There were only two significant new measures:
Firstly, the tax-free dividend allowance will be reduced from the current £5,000 to just £2,000 from April 2018. This is designed to address what the Chancellor perceives as unfairness around Director / Shareholders’ tax advantage, although it will also affect investors with holdings in equity funds or direct shares.
It's disappointing that so soon after the allowance was introduced - and the tax credit on dividends removed - the benefit is being largely withdrawn. But the effect will be small: of the order of hundreds of pounds, not thousands.
Secondly, self-employed class 4 National Insurance contributions will increase from 9% to 10% from April 2018, and to 11% a year after that. This will narrow the tax gap between the self-employed and employed. That said, the change will be introduced at the same time as flat rate class 2 NICs are removed. So again, the effect will be limited.
Measures previously announced and confirmed yesterday include:
- A new three-year NS&I account paying interest of 2.2% on balances up to £3,000
- A reduced Money Purchase Annual Allowance (from £10,000 to £4,000)
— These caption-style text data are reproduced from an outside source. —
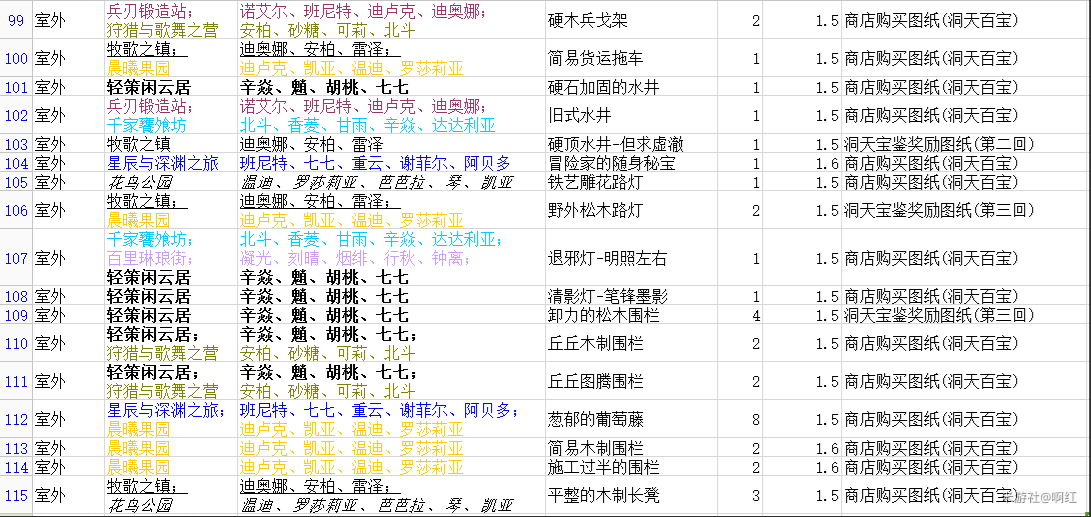 原神尘歌壶同伴入驻技巧分享 尘歌壶套装购买推荐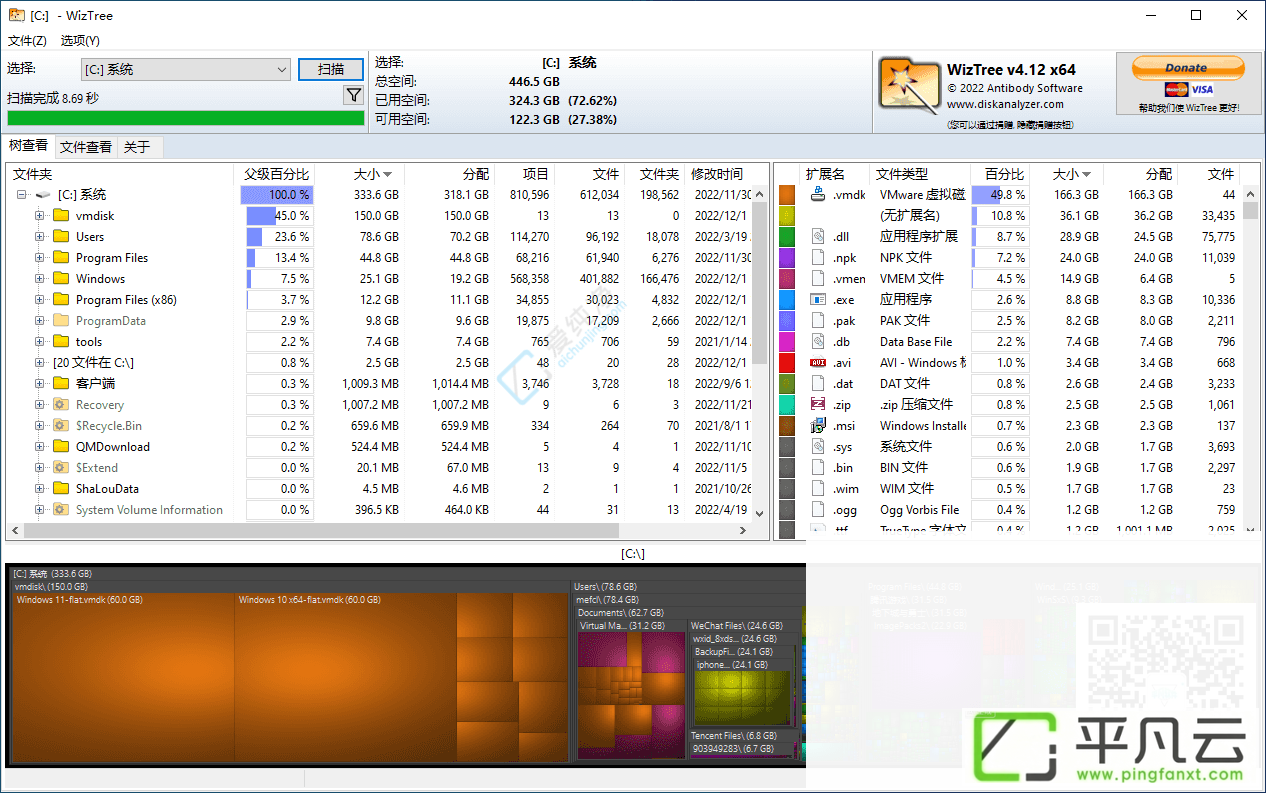 WizTree,WizTree汉化版,硬盘文件分析,磁盘空间分析,磁盘分析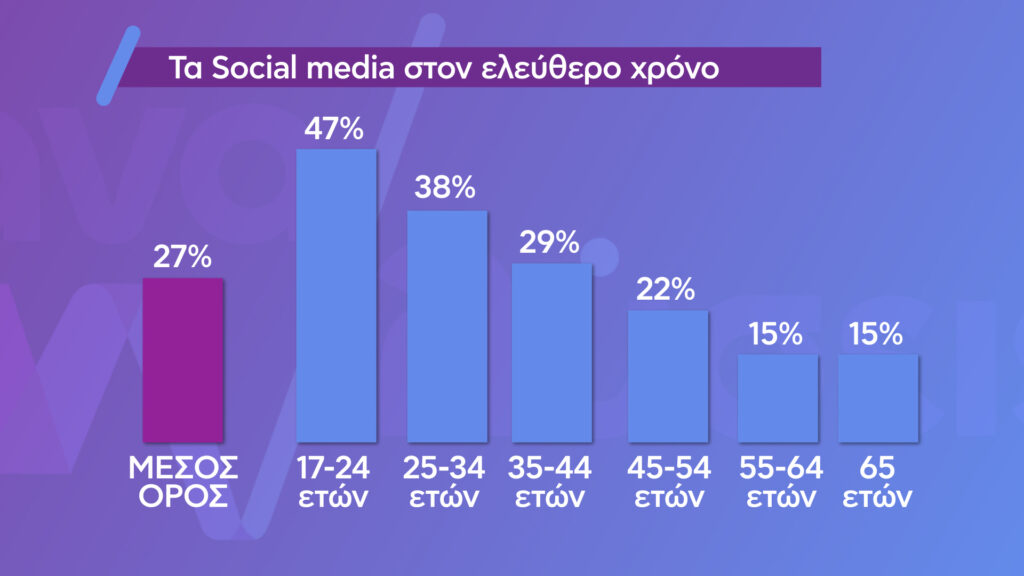 «Αναλύσεις» – Social Media: Μάστιγα ή εργαλείο μάθησης για τα παιδιά – Η πρώτη έρευνα της νέας εκπομπής του ΕΡΤNews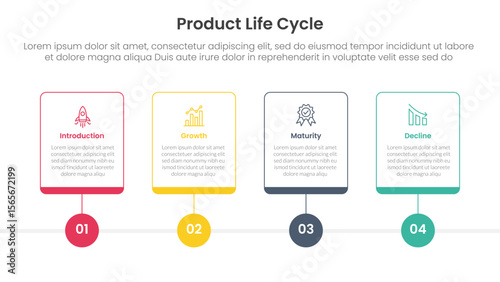 product life cycle stages infographic 4 point stage template with outline table box and circle line point for slide presentation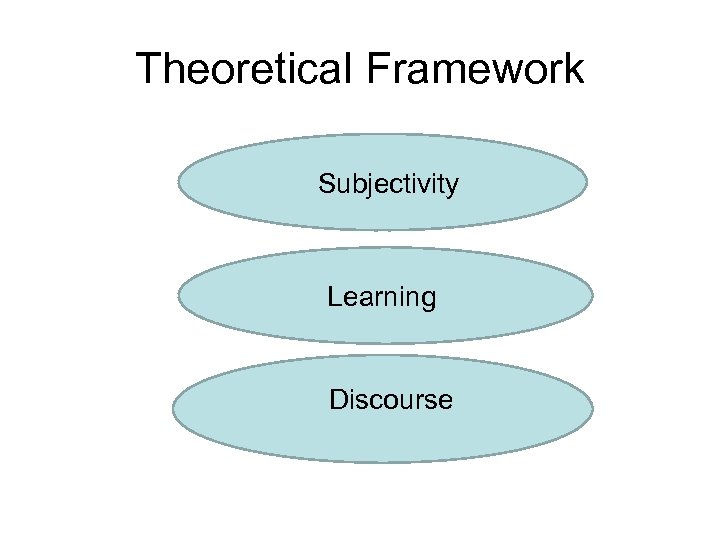 Theoretical Framework Subjectivity Learning Discourse 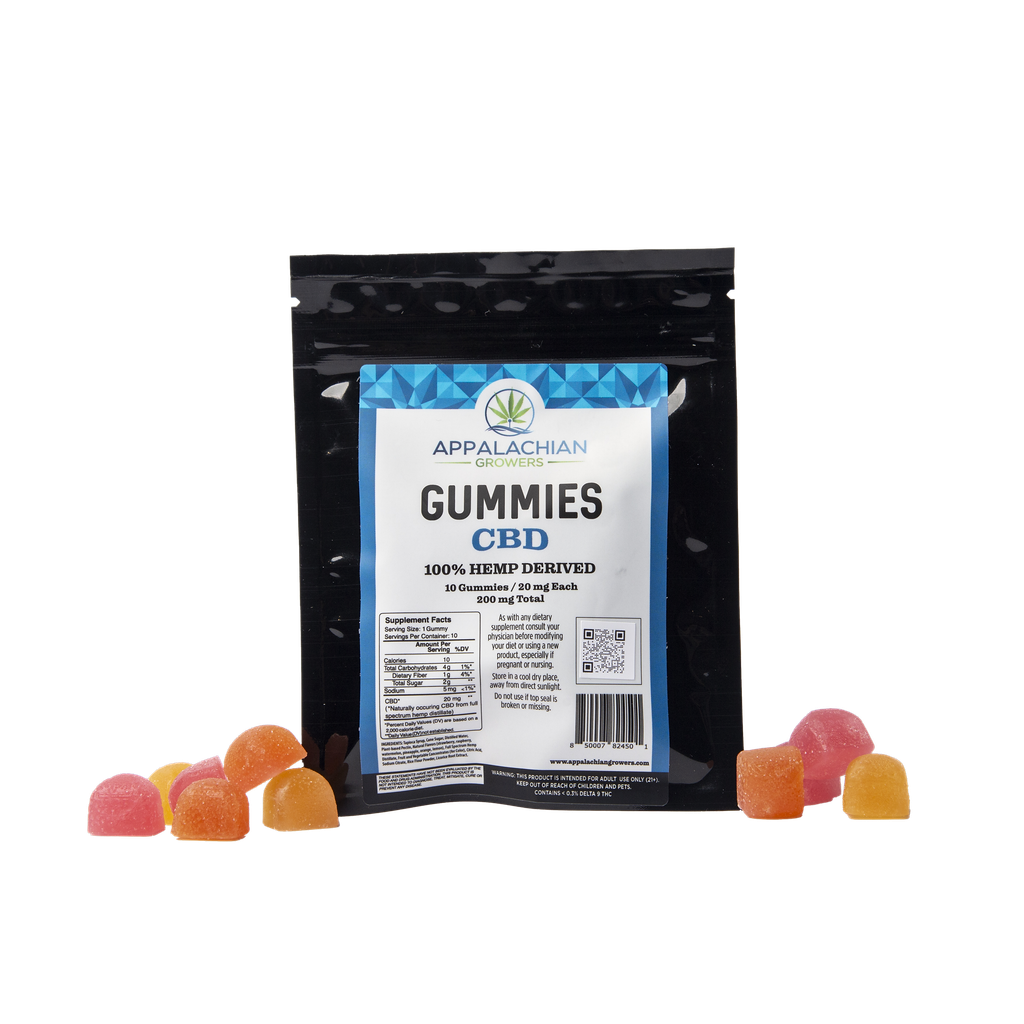 How Long Do CBD Gummies Take to Kick In - When to Expect Effects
- An increase in the ISA allowance to £20,000; and the introduction of the 'Lifetime ISA' - both from 6 April this year
The Chancellor gets another go later in the year, with a fresh Budget. Given the motivation - to announce tax changes well in advance of the start of the tax year - it's likely to be a bit more interesting.
Until then we're happy with boring: it makes planning a lot simpler!